The data —
»»

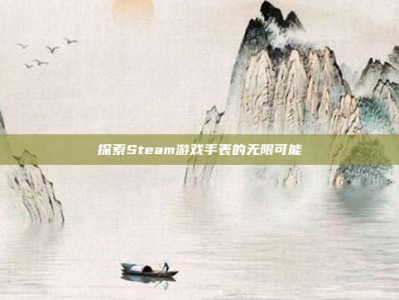 探索Steam游戏手表的无限可能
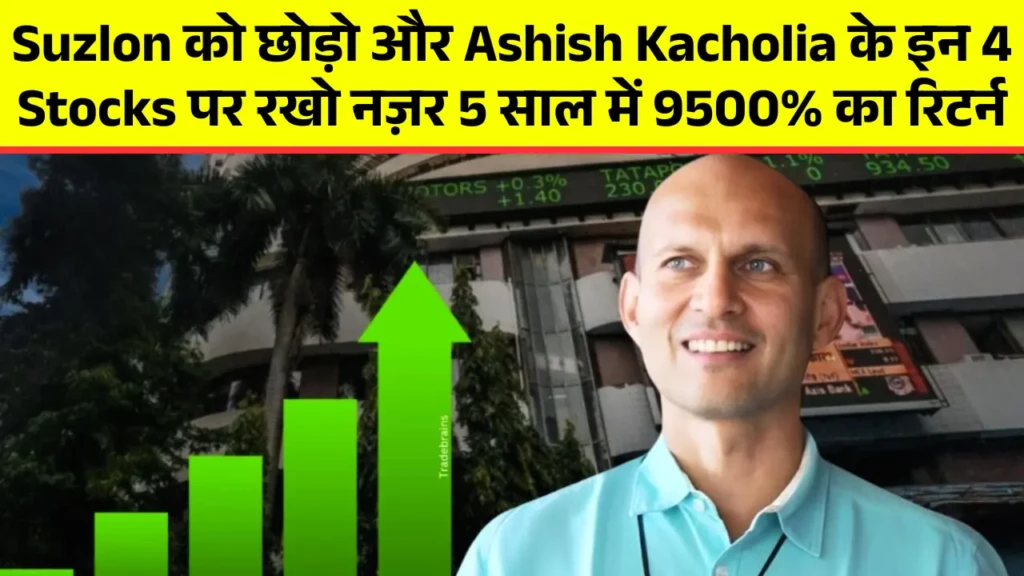 Suzlon को छोड़ो और Ashish Kacholia के इन 4 Stocks पर रखो नज़र 5 साल में 9500% का रिटर्न
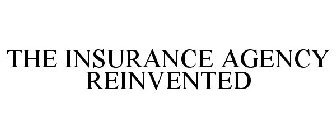 THE INSURANCE AGENCY REINVENTED
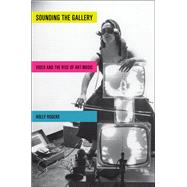 Sounding the Gallery Video and the Rise of Art-Music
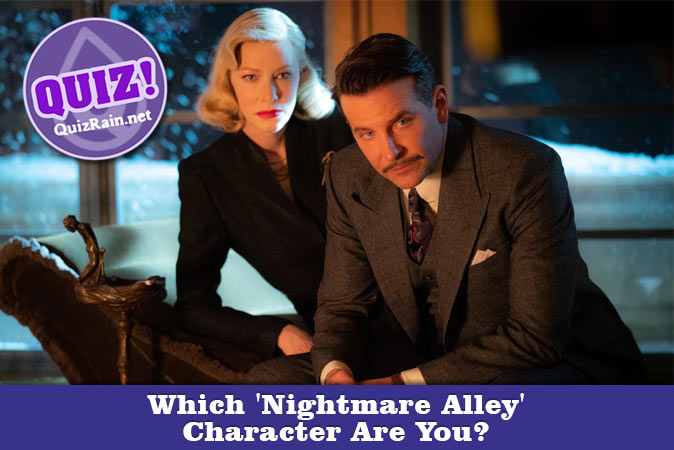 Welcome to Quiz: Which 'Nightmare Alley' Character Are You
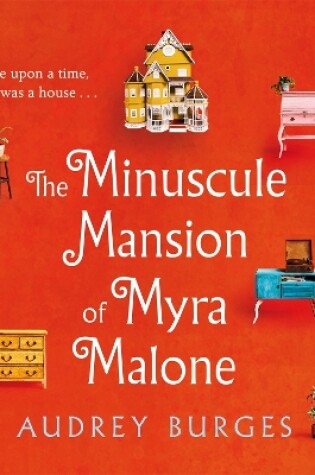 Cover of The Minuscule Mansion of Myra Malone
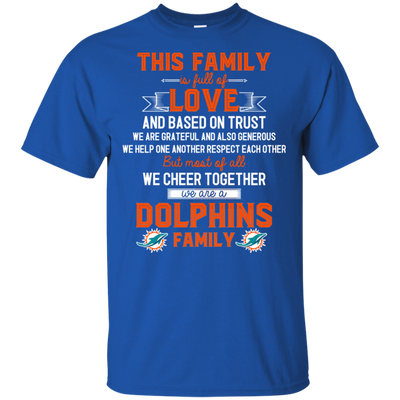 We Are A Miami Dolphins Family T Shirt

««

Exercise prompt — The answer must be the exact lines from the line with "THE INSURANCE AGENCY REINVENTED" to the final line of the data, both ends included, with no pictures.

Reply —
 THE INSURANCE AGENCY REINVENTED
 Sounding the Gallery Video and the Rise of Art-Music
 Welcome to Quiz: Which 'Nightmare Alley' Character Are You
 Cover of The Minuscule Mansion of Myra Malone
 We Are A Miami Dolphins Family T Shirt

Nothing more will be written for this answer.